# PV + EV = The Future

PV + EV = The Future.

You own one already (lucky dog) or you are dreaming about purchasing a fully electric car, and are obsessing about what it would take to charge that car with solar energy produced with your own rooftop solar panels. Well, there is simple math to gain a good idea of how many solar panels this green energy nirvana would require. To get started down this road, there are a few things to know.

First, to make a calculation realistic, you will want to estimate the annual number of miles you plan to drive your EV car. In the U.S., the average driver logs 12,334 miles each year so we’ll still with 12,000 as an example to keep it simple.

Second, you’ll need to determine the annual estimated kilowatt-hours (kWh) to power your snazzy new electric car. An average electric vehicle will drive approximately 3 miles per one kWh of electricity. To make this calculation, simply divide your estimated annual mileage by three. If you drive 12,000 miles a year, you’ll need approximately 4,000 kWhs of electricity to power your new ride.

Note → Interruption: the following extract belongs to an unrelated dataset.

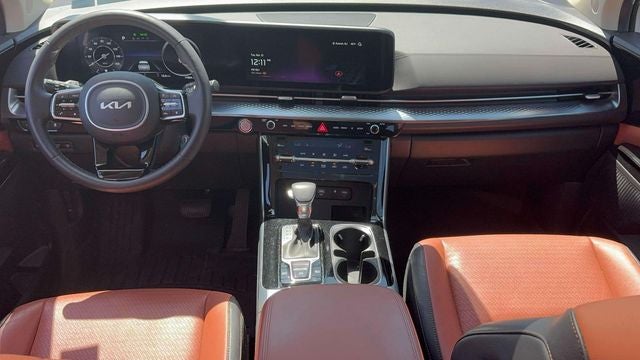 2024 Kia Carnival SX Prestige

Estimate Annual Mileage / 3 = Annual kWh’s to Power EV

Finally, now that you know your estimated mileage it’s time to determine your solar PV system size. A typical Minnesota solar PV system will produce approximately 1,200 kWh’s of electricity per 1kWdc of system size (*). For example a 5kWdc solar PV system will produce approximately 6,000 kWhs of electricity. To calculate the system size of a PV array to offset 100% of your estimated annual mileage, simply take the “Annual kWh’s to Power EV” divided by 1,200.

Annual kWh’s to Power EV / 1,200 = kWdc System Size to Offset Annual Mileage

Note, these solar array systems installed on your rooftop to charge your EV car would likely be tied into your overall electric grid. Of course, the more miles you drive, the more solar panels you’ll need. However, if you do drive further than your estimated annual mileage, you would either obtain the extra electricity either from the grid or from a nearby charging station. To make charging on the road easy on the move, there are aps for your phone such as Charge Point and PlugShare that you can have your credit card information saved so charging is simple and fast. These apps also populate google maps with charging station locations near you.

Your utility may also have special EV rates allowing you to benefit from less expensive charging power at night, while your solar array makes up the difference during the day. Utilities such as Xcel’s EV Charging Program and Dakota Electric’s EV charging incentives, assist electric vehicle owners in reducing their energy charging costs. Please contact us to inquire further on special utility EV rates. The math works. PV + EV will drive the future.

* Solar PV systems are measured in “DC” (direct current) but also have an “AC” (alternating current) rating for the inverters utilized. The “DC” system size is simple the sum of all solar modules in direct current ratings and the “AC” system size is simply the sum of the inverters in “AC” ratings. For the purpose of this exercise, we focused on the “DC” rating of the solar PV system.